Voice Capabilities Integration
Currently, Cloud Development provides voice capabilities including Automatic Speech Recognition (ASR) and Text-to-Speech (TTS), both implemented based on Tencent Cloud's speech-related APIs.
Introduction to Speech Recognition
Provides a speech-to-text feature, currently supporting the one-sentence recognition scenario (recognizing short audio files within 60 seconds) (API reference)
Limitations:
- The audio duration must not exceed 60 seconds, and the audio file size must not exceed 3MB.
- Speech input recognition scenario types: Chinese General / Chinese-English-Cantonese / Chinese Medical / English / Cantonese
Introduction to Speech Synthesis
Provides a text-to-speech feature, currently supporting long-text speech synthesis scenarios (suitable for reading and broadcasting, with flexible text length support) (API reference)
Limitations:
- Supports speech synthesis for text within 100,000 characters and returns the audio result asynchronously.
- Voice types: General Male Voice / General Female Voice / Advisory Male Voice / Advisory Female Voice / General Male Voice (Large Model) / General Female Voice (Large Model) / Chat Male Voice / Chat Female Voice / Reading Male Voice / Reading Female Voice
How to Use
1. Activate
In the Cloud Development Platform AI+, select the "Cloud Development Agent template", and in bot-config.yaml, enable voiceSettings: true.
Cloud Development Standard Edition or higher is required to enable this feature.


Test
After configuration, you can experience it in real-time in the preview area on the right. The Speech Recognition & Text-to-Speech entry is as shown below:

2. Integration via Components/HTTP API/SDK
2.1 Component Integration
Low-code components have built-in voice capability. Refer to the documentation to integrate the component.
Mini Program source code components have built-in voice capability. Refer to the documentation to integrate the component.
React components have built-in voice capability. Refer to the documentation to integrate the component.
2.2 HTTP API Integration
Refer to HTTP API Documentation
2.3 SDK Integration
Initialize the SDK:
// In the root directory of the Web project, use npm or yarn to install the required packages:
// npm i @cloudbase/js-sdk
// Import the SDK. Here we import the full clousebase-js-sdk, and it also supports importing by modules.
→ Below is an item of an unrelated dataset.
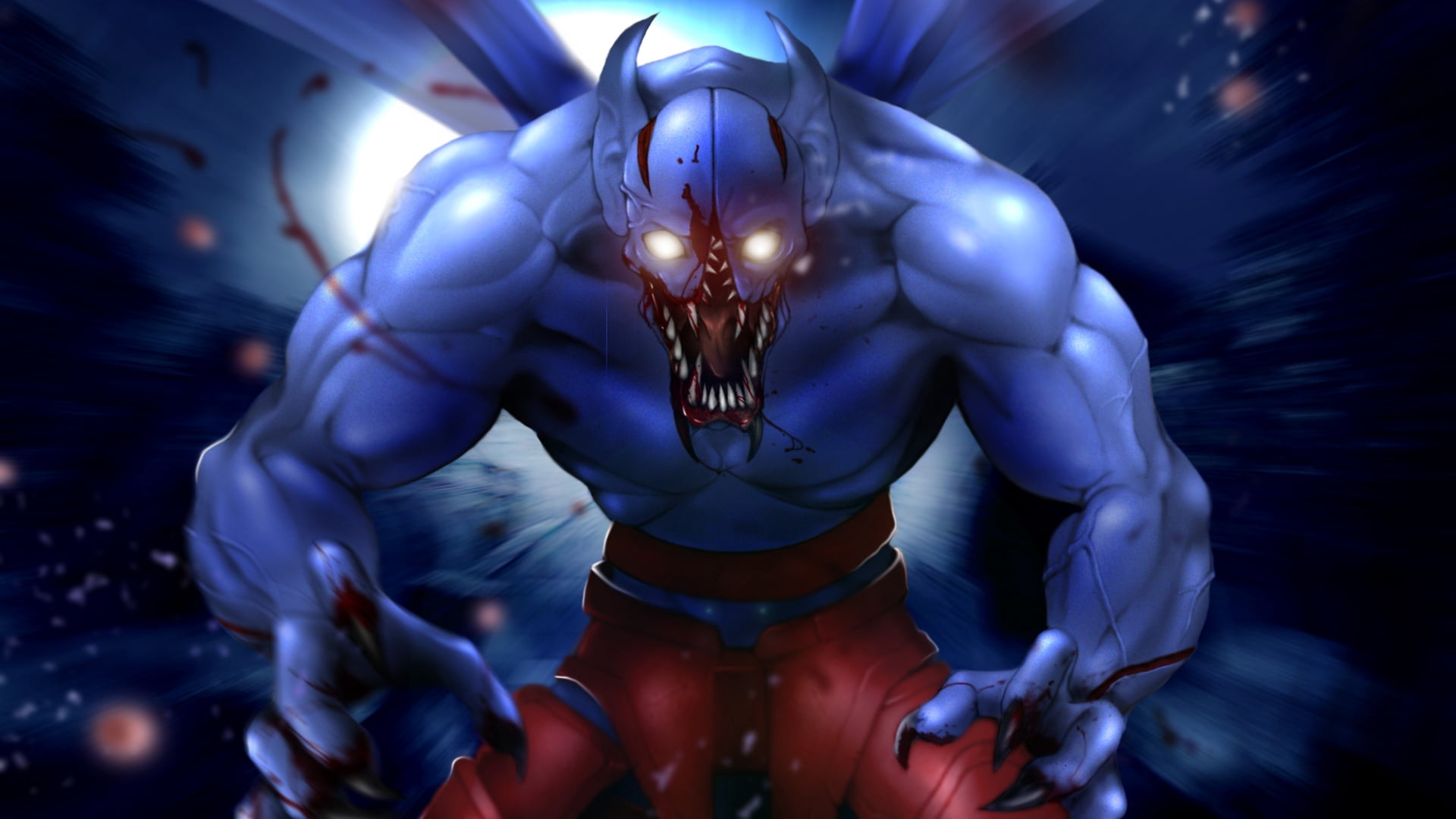 blue and red monster anime character digital wallpaper, night stalker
import cloudbase from "@cloudbase/js-sdk";
const app = cloudbase.init({
env: env: "your-env", // Replace with the actual environment id
});
const auth = app.auth();
await auth.signInAnonymously(); // Or use other login methods.
const ai = app.ai();
// Now you can call the methods provided by the ai module.
Speech to Text:
const res = await ai.bot.speechToText({
botId: "botId-xxx",
engSerViceType: "16k_zh",
voiceFormat: "mp3",
url: "https://example.com/audio.mp3",
});
Text to Speech (Launch Asynchronous Task):
const res = await ai.bot.textToSpeech({
botId: "botId-xxx",
voiceType: 1,
text: text: "Hello, I am an AI assistant",
});
Query Text to Speech Task Result:
const res = await ai.bot.getTextToSpeechResult({
botId: "botId-xxx",
taskId: taskId: "task-123", // obtained from the Text to Speech textToSpeech response
});
Refer to SDK Documentation for method usage.